# Problem to work on
Copy out exactly the lines from the one with "Body weight shifting —" through the last line of the listing below, both included, but none of the pictures.
Source material Start Marker
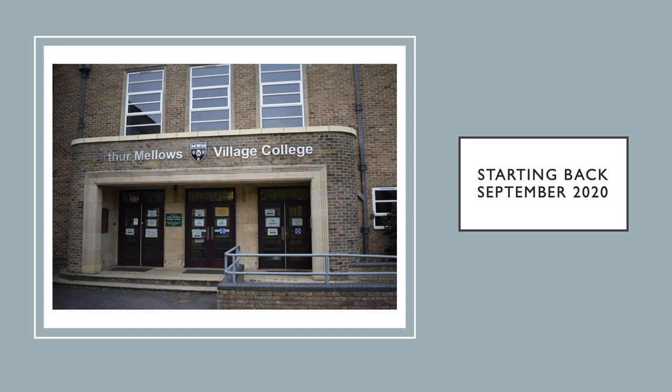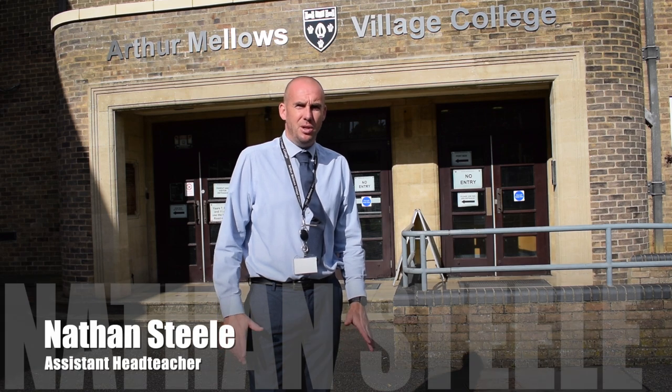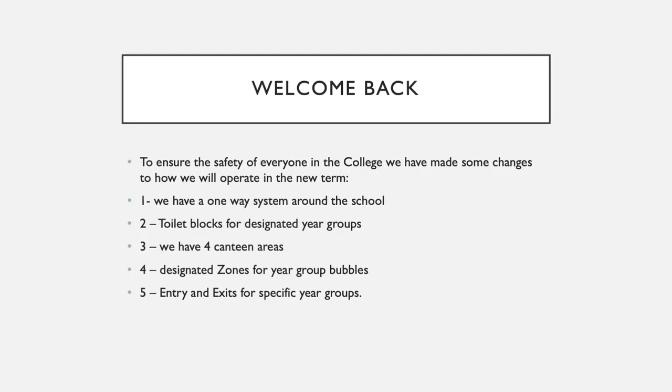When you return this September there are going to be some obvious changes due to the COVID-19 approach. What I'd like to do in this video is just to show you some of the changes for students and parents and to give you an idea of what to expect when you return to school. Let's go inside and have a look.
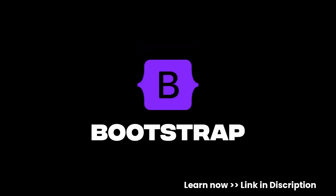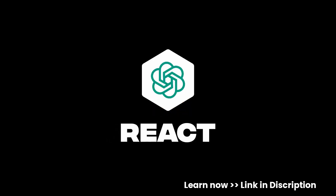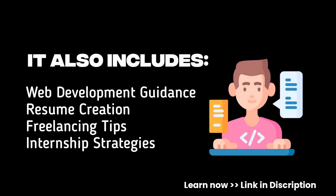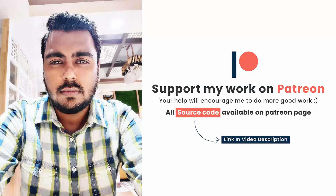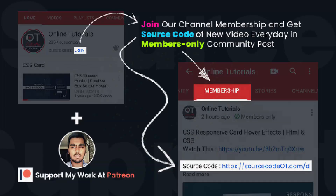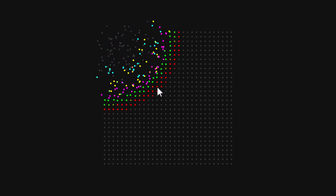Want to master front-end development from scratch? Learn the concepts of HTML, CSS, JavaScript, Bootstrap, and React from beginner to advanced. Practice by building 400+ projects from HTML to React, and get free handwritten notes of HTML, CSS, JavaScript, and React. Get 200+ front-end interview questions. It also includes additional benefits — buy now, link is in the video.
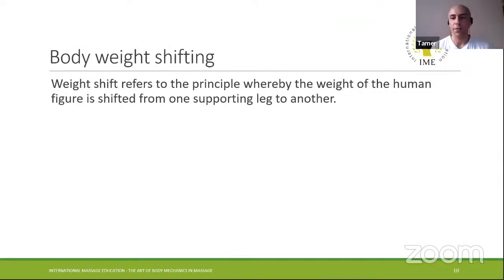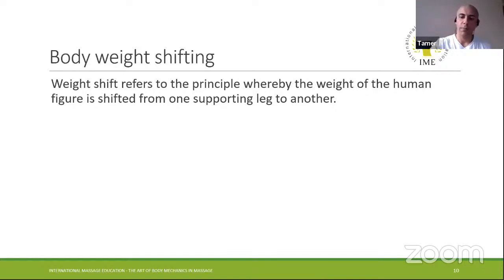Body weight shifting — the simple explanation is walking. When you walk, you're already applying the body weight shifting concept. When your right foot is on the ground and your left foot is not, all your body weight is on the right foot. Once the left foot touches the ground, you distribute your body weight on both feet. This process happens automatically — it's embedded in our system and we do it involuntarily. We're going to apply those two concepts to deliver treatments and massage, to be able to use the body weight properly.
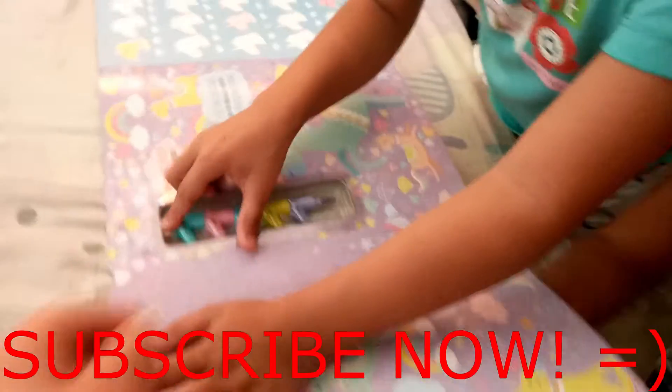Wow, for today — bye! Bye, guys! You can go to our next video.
Source material End Marker
# Answer to the exercise
Body weight shifting — the simple explanation is walking. When you walk, you're already applying the body weight shifting concept. When your right foot is on the ground and your left foot is not, all your body weight is on the right foot. Once the left foot touches the ground, you distribute your body weight on both feet. This process happens automatically — it's embedded in our system and we do it involuntarily. We're going to apply those two concepts to deliver treatments and massage, to be able to use the body weight properly.
Wow, for today — bye! Bye, guys! You can go to our next video.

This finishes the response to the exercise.